It’s January 4. That means that somewhere along the recent way, I lost three days. Last thing I knew, it was Wednesday, which was New Year’s Eve. I blinked and now it’s Sunday.
And the weird thing is … there wasn’t even any alcohol or illicit drugs involved.
We’re only four days into the new year and I’m already off schedule and out of sorts. I think that may be a record for me.
Tomorrow the kids go back to school, my husband goes back to work, I go back to laundry and life goes back to normal.
Normal is a relative term, is it not? My normal could be quite a bit different than your normal. For instance, you may have a dog named Jake who sleeps on your bed. I may have a camel named Thor who sleeps on my kitchen table. Who’s to say what’s normal anymore?
I don’t have a camel named Thor.
And even if I did, he wouldn’t sleep on my kitchen table because … well, because … ewwww.
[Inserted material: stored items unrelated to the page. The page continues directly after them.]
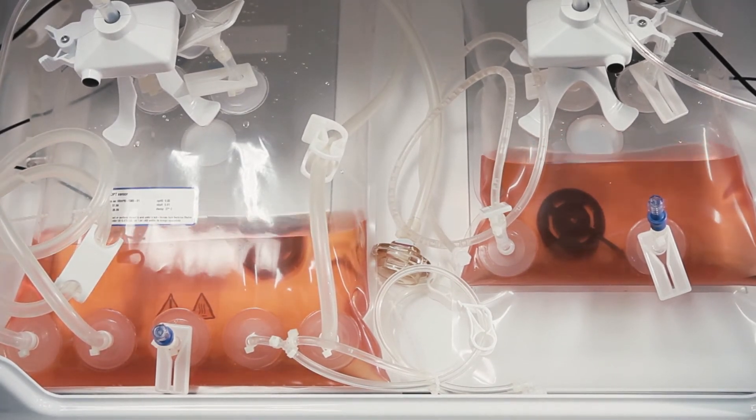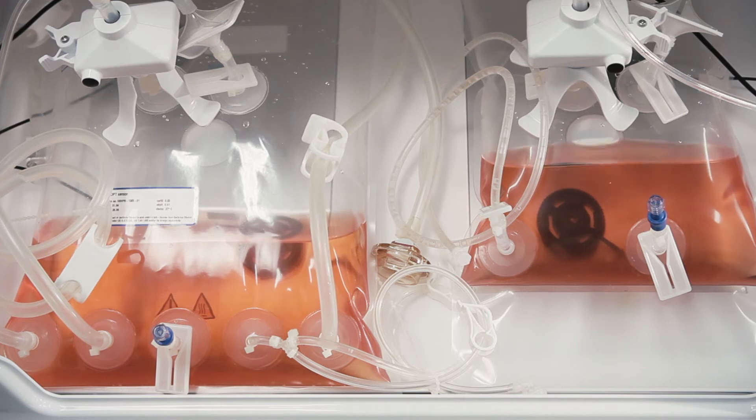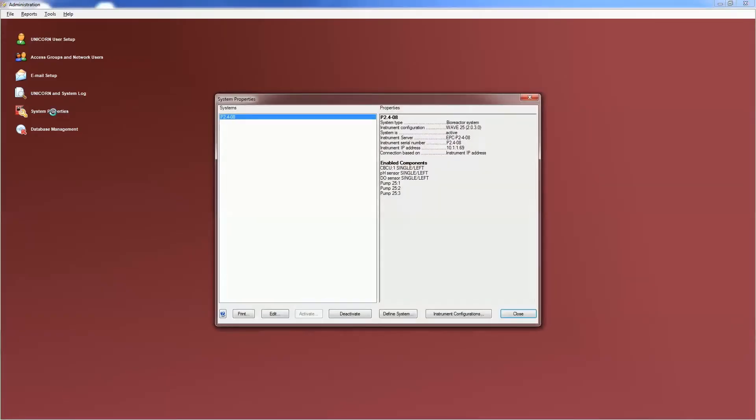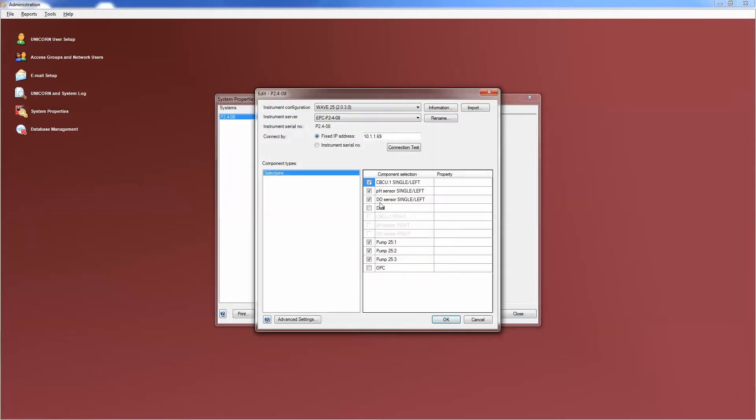To configure the system for dual mode, open the Administration module in the Tools menu, select your system and check Dual.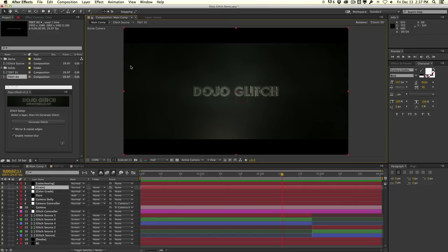Hey guys, Vincent here from TheCreativeDojo.net. Today in this video tutorial I want to introduce you to my latest script called the Dojo Glitch Script. It will allow you to automate and create some pretty cool glitches and transitions.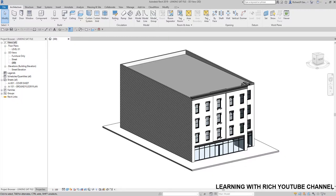What's up guys, Learning with Rich here. For today's topic we are going to talk about how to link your SAT file from Dynamo into your Revit model. On our previous video I showed you how to access your Revit data and geometry using Dynamo, so this time around I'm going to teach you how to link your SAT file into Dynamo.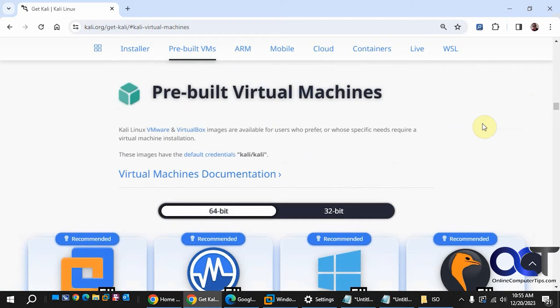In this video we're going to show you how to download and configure a pre-built Kali Linux virtual machine for Oracle VirtualBox.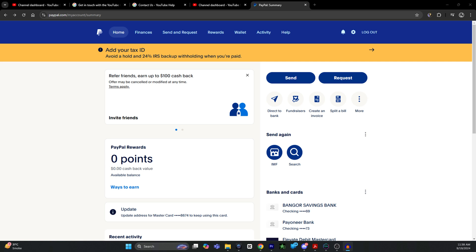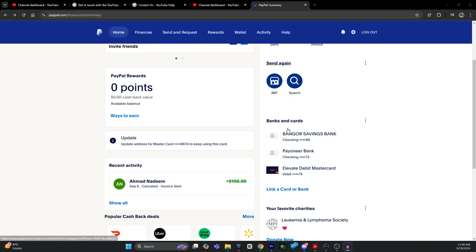The first step is withdrawing money from your Safe account to your bank account. Once the cash has been transferred from your Safe account to your bank account, all you have to do is log into your PayPal account. From your home page, scroll down a bit.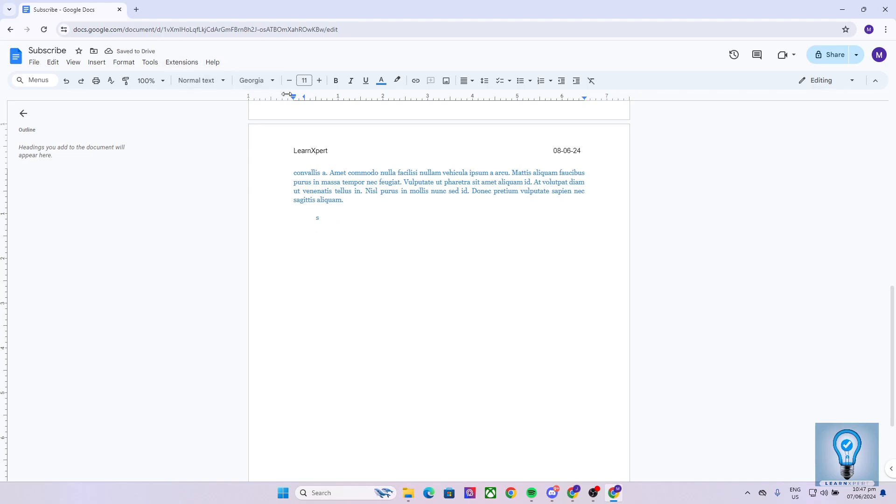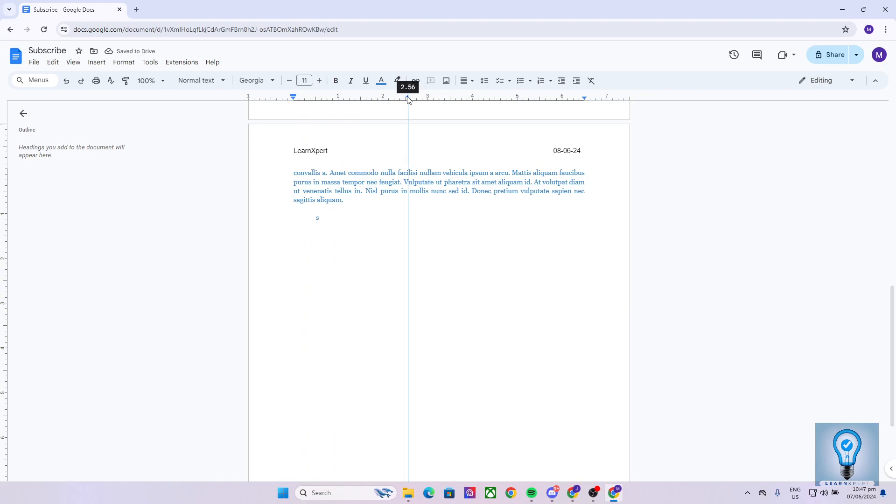The same goes with the right tab stop right over here. As you can see, I can drag it, but to remove the tab stop, again, what we are going to do is drag it off the ruler by dragging it down. Like so.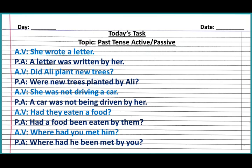Next sentence: 'She was not driving a car.' You can see the formation — subject, was, not, first form of verb, then object. This formation is of past continuous tense. When changing continuous sentences into passive voice, we use 'being' with the third form of verb. The answer is: 'A car was not being driven by her.'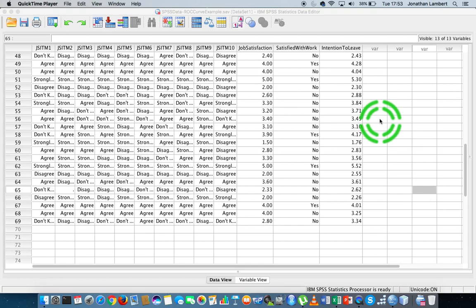This short video in our series dealing with using SPSS and specific SPSS procedures is going to deal with how to run a simple linear regression using SPSS. What I mean by a simple linear regression is where we have a single independent variable and we have a single dependent variable.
I was just making a hypothetical point. I love to make hypothetical points, because you can’t be wrong when you’re speaking hypothetically and anytime I can’t be wrong, I’m all over it. Hypothetically speaking.
Anyway, since it’s Sunday, I need to regurgitate something and since I recently cleaned my bathroom, I’d prefer it not be my breakfast. Therefore, I leave you with a post about how Nate and I met: I married my tall, dark, handsome, rebound guy.
In the meantime, I’m going to write something for tomorrow. I wish I could tell you it was going to be enthralling, riveting, engrossing, intriguing and fascinating, but no, I am not going to set myself up for colossal failure.
I’ve learned my lesson. From now on, I’m going to aim low.
Tomorrow’s post will be legible.
And you know, that’s not as low as you think it would be, because today, I’m going to try upgrading to wordpress 2.7 and I have no idea if my blog is going to like wordpress 2.7 or if it’s going to pitch a hissy fit and run screaming in the other direction.
So, if you have trouble accessing my blog in the next day or so, just know that on the other side of your monitor is a prematurely gray, slightly overweight, drowning-in-panic-sweat, puddle of OH SHIT posting OH MY GOD, HELP ME threads all over the Internet.
Yep, things will definitely be back to normal.